Verdi: La forza del Destino, Met January 23, 193. (forty-three-my keyboard won't type the number!) Stella Roman, Frederick Jagel, Lawrence Tibbett,  Ezio Pinza/Bruno Walter

This mid war broadcast comes to us with Spanish language commentary. With the exception of Pinza and the great Bruno Walter, the cast on paper doesn't look too appealing. Caruso introduced this opera to New York in 1918, with Rosa Ponselle in her first opera performance anywhere. Ponselle continued with the opera with Martinelli, Jose Mardones, Pinza, Danise until 1932. She was retired-sadly-by 193 so Stella Roman shared the role with Milanov. I went to college with one of Mme Roman's grandsons. She is considered another good not great artist. But there was a lot to this lady. She sang in the Italian premier of La donna senz'ombre (Die Frau ohne Schatten) and was acclaimed for her Marschallin in Il cavalier d la rosa. Hers is a beautiful voice that lacks the fatness-the juice throughout the middle register, and its short on top. Never mind. She gets the job done, and a fine job it is. Pinza is great. Jagel has a monochromatic voice but sings like a fine musician. Exciting he is not. He's loud when he's supposed to be loud, etc. Every discussion of Lawrence Tibbett's career goes into tragic mode once past 1939. Either it was overwork that led him to drink or drink that ruined his voice, but his throaty gargling and forced top notes are not those of the great Amercian baritone he had been. Bruno Walter reminds us that Forza is a tight dramatic opera with great music. It's a very passionate performance, the singing not always up to the conductor's level.

I want to pay tribute to Lawrence Tibbett by showing him in full voice, in 1935:

Frederica von Stade, THE Cherubino of my youth
Mozart Le nozze di Figaro Met February 7 1987. Jose van Dam, Jorma Hynninen, Kathleen Battle, Elisabeth Soderstrom, Frederica von Stade

Elisabeth Soderstrom. Wonderful even when NOT singing.
Von Stade owned Cherubino for years and I remember vividly not only her fine singing but her lovable, horny stumbling around as Mozart's randy little page boy. I attended this performance thanks to the Texaco Opera Quiz. I don't remember much about Kathleen Battle in her pre -smack down days, except I'm sure she was vocally ravishing (she was as Pamina and Adina around the same time.) Jose van Dam is a great artist who easily owns any stage. He is not a basso cantante but he points the text to the benefit of non Italian speakers. No, for me the news was the Countess of Elisabeth Soderstrom. She was nearly sixty at this performance. Just the way she held herself told you this was a noble lady. She is vocally understated but intact. Never will I forget the look on her face, all of three seconds, as she heard the Count trying to pick up "Susanna" in Act IV. One for the ages.

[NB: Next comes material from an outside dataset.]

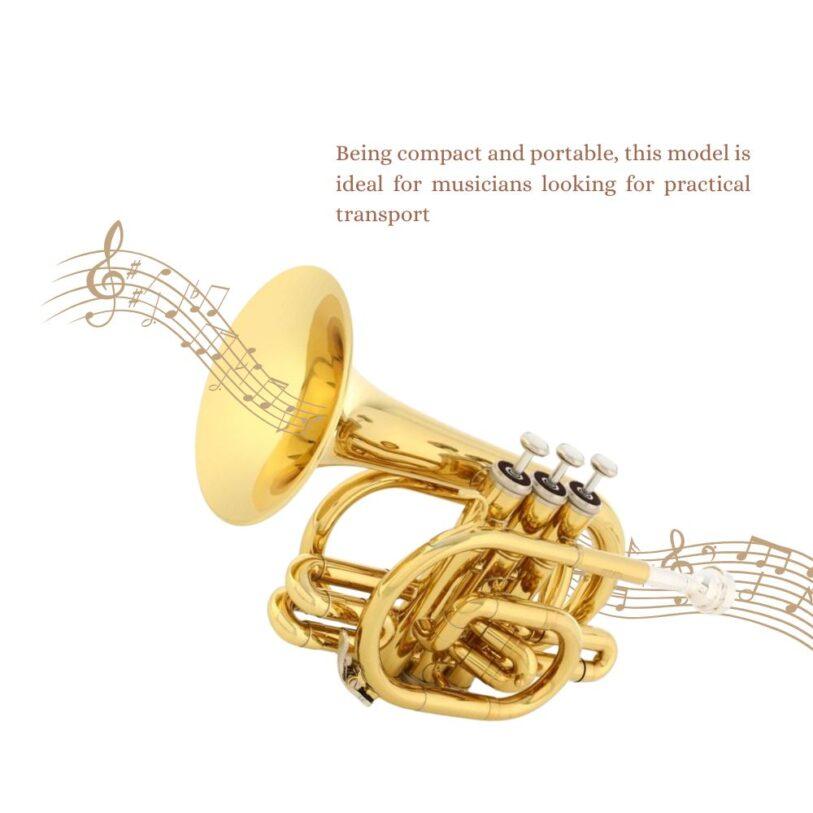 Harmonics HMT 500L Bb Mini Pocket Trumpet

Puccini: Turandot April 27, 197four. Elinor Ross, Franco Corelli, Edda Moser, John Macurdy/Gabor Otvos. Met on tour in Boston.

Edda Moser
I saw my first opera in the War Memorial Auditorium in Boston in 1969. The boat show trade show auditorium would host the circus one week and the Met the next, or was it the other way around? No matter. It was no place for opera but it is what we had. It became home to me (long gone) I attended this Turandot. the draw was tenor Franco Corelli, he of the golden thighs, endless visceral voice and onstage/backstage mania. The voice rings out in this performance as it nearly always did. He attempts a diminuendo on 'o meraviglia' in Act I. The crowd went nuts for him. They always did. It was soprano Edda Moser who wiped up the afternoon. Who knew? She had sung Donna Anna earlier that week. she was a Met Queen of the night, Musetta. no handstands. This Liu is another story. There's a full, rich, luscious voice here. Even with Corelli it was Moser who got the ovation that afternoon. I remember her sincerely overwhelmed the audience response. I was cheering , too.

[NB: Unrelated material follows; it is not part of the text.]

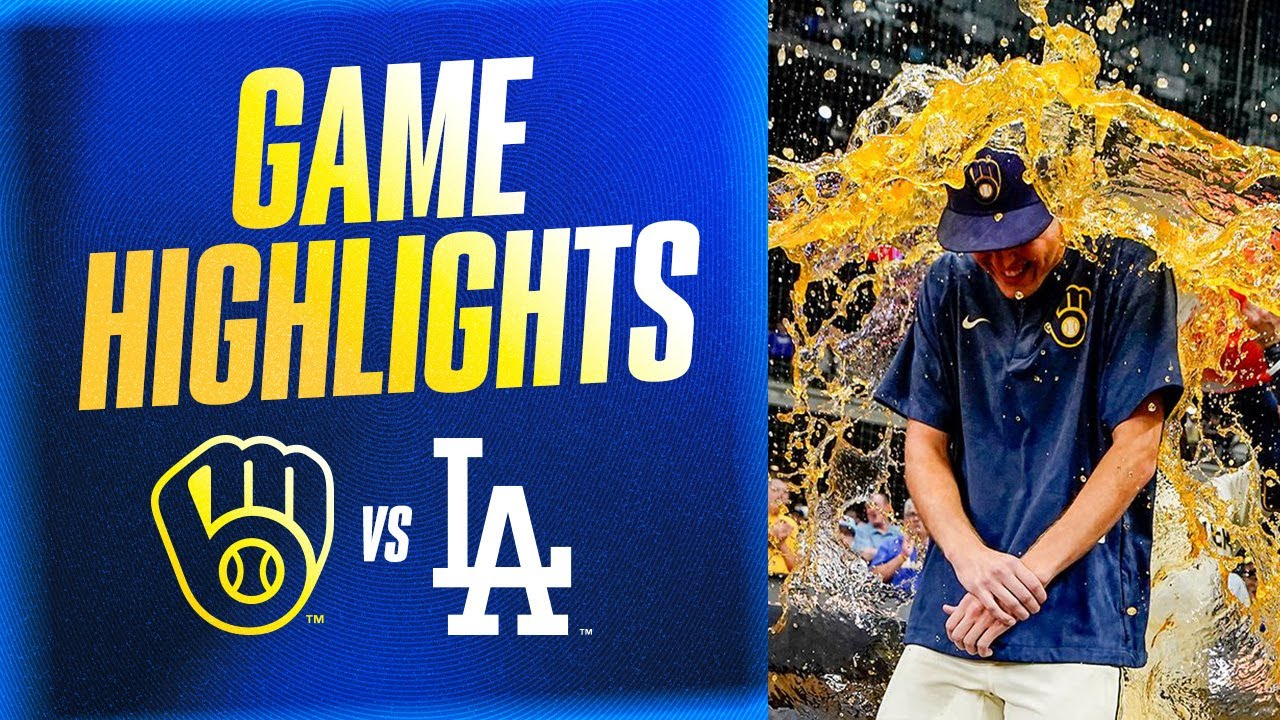 Dodgers vs. Brewers Highlights (7/8/25) | MLB Highlights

Elinor Ross, today...a goddess
Elinor Ross's career is being reassessed today. Listening to her broadcasts its true this was a huge, exciting voice. I remember the casing of vibrato all through the tone as off putting. During the intermission of this Turandot a friend said to me, "I've never heard her better". And listening today, its true-she'd be a goddess. Kudos to conductor Otvos for keeping everyone together-mostly-in a bran of an auditorium. (Note to the Emperor Altoum. Sing, don't mince.)